SOURCE MATERIAL:
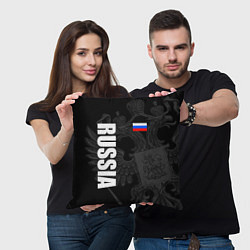 Подушка квадратная RUSSIA - BLACK EDITION, цвет: 3D-принт — фото 2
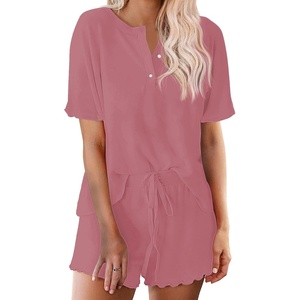 image:imageEkouaer Pajamas Set for Women Short Sleeve Lounge Set 2 Piece Soft Cute PjsPurple Red
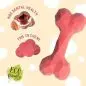 Eco-friendly dog chew toy shaped like a bone, promotes dental health and is fun to chew.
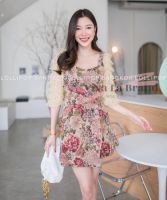 V89Rose dress สวยสง่าจนต้องหลบ ชุดกางเกงกระโปรงฉลุลาย แต่งลูกไม้ระบายช่วงแขน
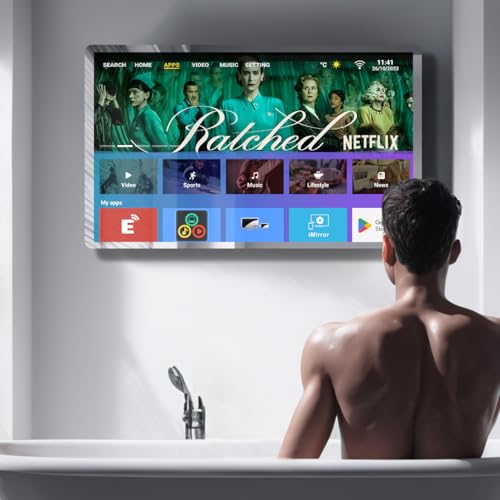 Leotachi 32-Zoll High-End-Smart-Badezimmerspiegel-TV - 4K Ultra HD, IP66 wasserdicht, Android TV, Sprachfernbedienung, integrierter ATSC-Tuner, HDMI (ARC), SPDIF, Upgrade für Ihr Badezimmer (Silber)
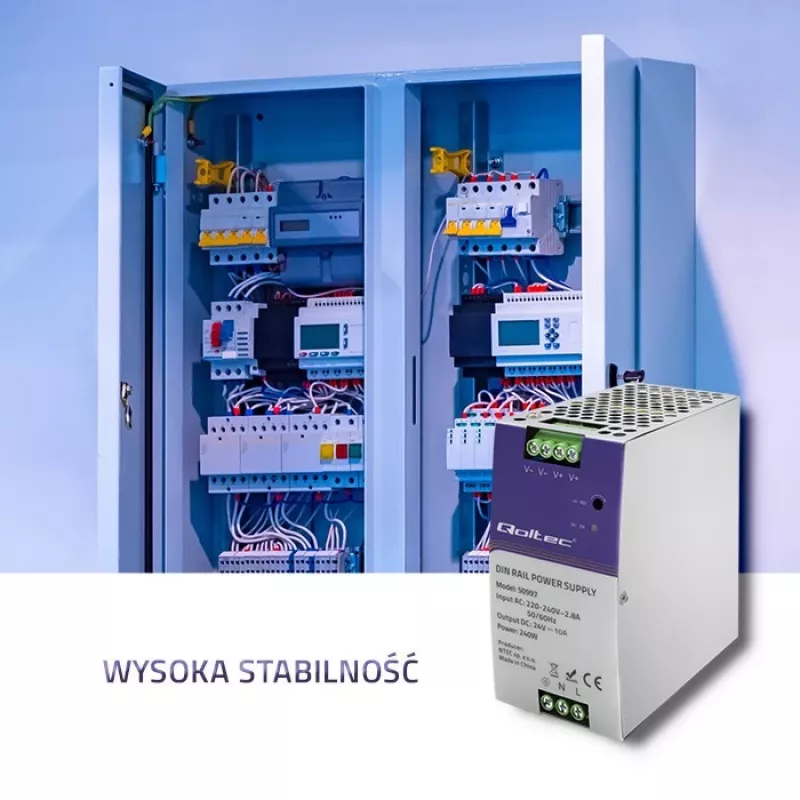 DIN sliedes barošanas bloks QOLTEC 50997 240W 24V 10A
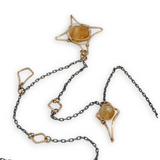 Oxidized sterling silver chain and gold filled star charm necklace with citrine faceted orb gemstones necklace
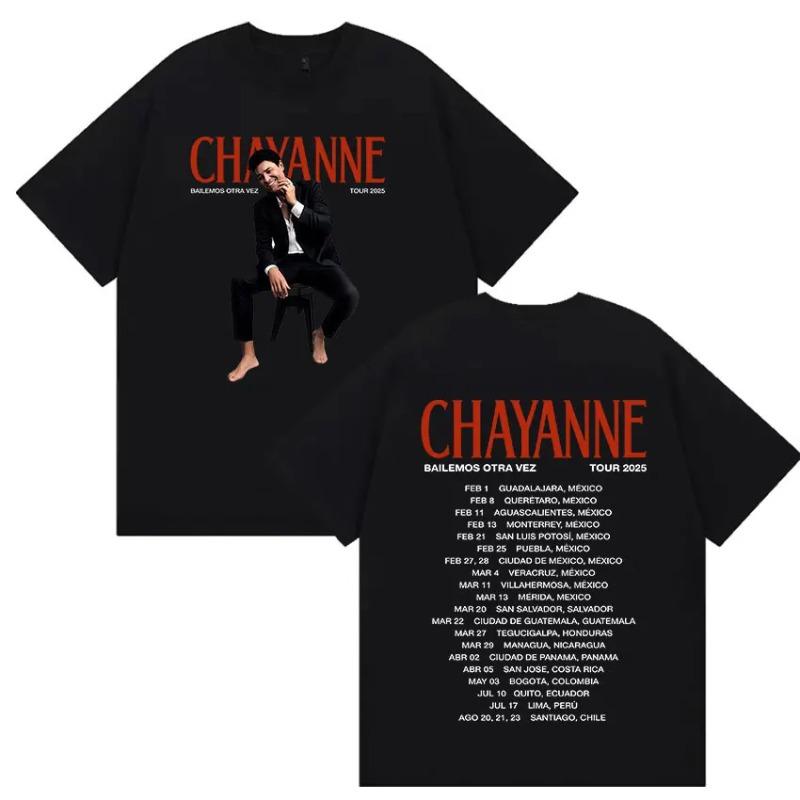 Rapper Chayanne Bailemos Otra Vez Tour 2026 Album T Shirt Men Hip Hop Gothic Punk Tshirts 90s Vintage Oversized Cotton Tshirts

WORK ITEM:
All lines from the start of the entries through the one with "Oxidized sterling silver" are to be output exactly; omit the pictures.

SOLUTION BELOW:
 Подушка квадратная RUSSIA - BLACK EDITION, цвет: 3D-принт — фото 2
 image:imageEkouaer Pajamas Set for Women Short Sleeve Lounge Set 2 Piece Soft Cute PjsPurple Red
 Eco-friendly dog chew toy shaped like a bone, promotes dental health and is fun to chew.
 V89Rose dress สวยสง่าจนต้องหลบ ชุดกางเกงกระโปรงฉลุลาย แต่งลูกไม้ระบายช่วงแขน
 Leotachi 32-Zoll High-End-Smart-Badezimmerspiegel-TV - 4K Ultra HD, IP66 wasserdicht, Android TV, Sprachfernbedienung, integrierter ATSC-Tuner, HDMI (ARC), SPDIF, Upgrade für Ihr Badezimmer (Silber)
 DIN sliedes barošanas bloks QOLTEC 50997 240W 24V 10A
 Oxidized sterling silver chain and gold filled star charm necklace with citrine faceted orb gemstones necklace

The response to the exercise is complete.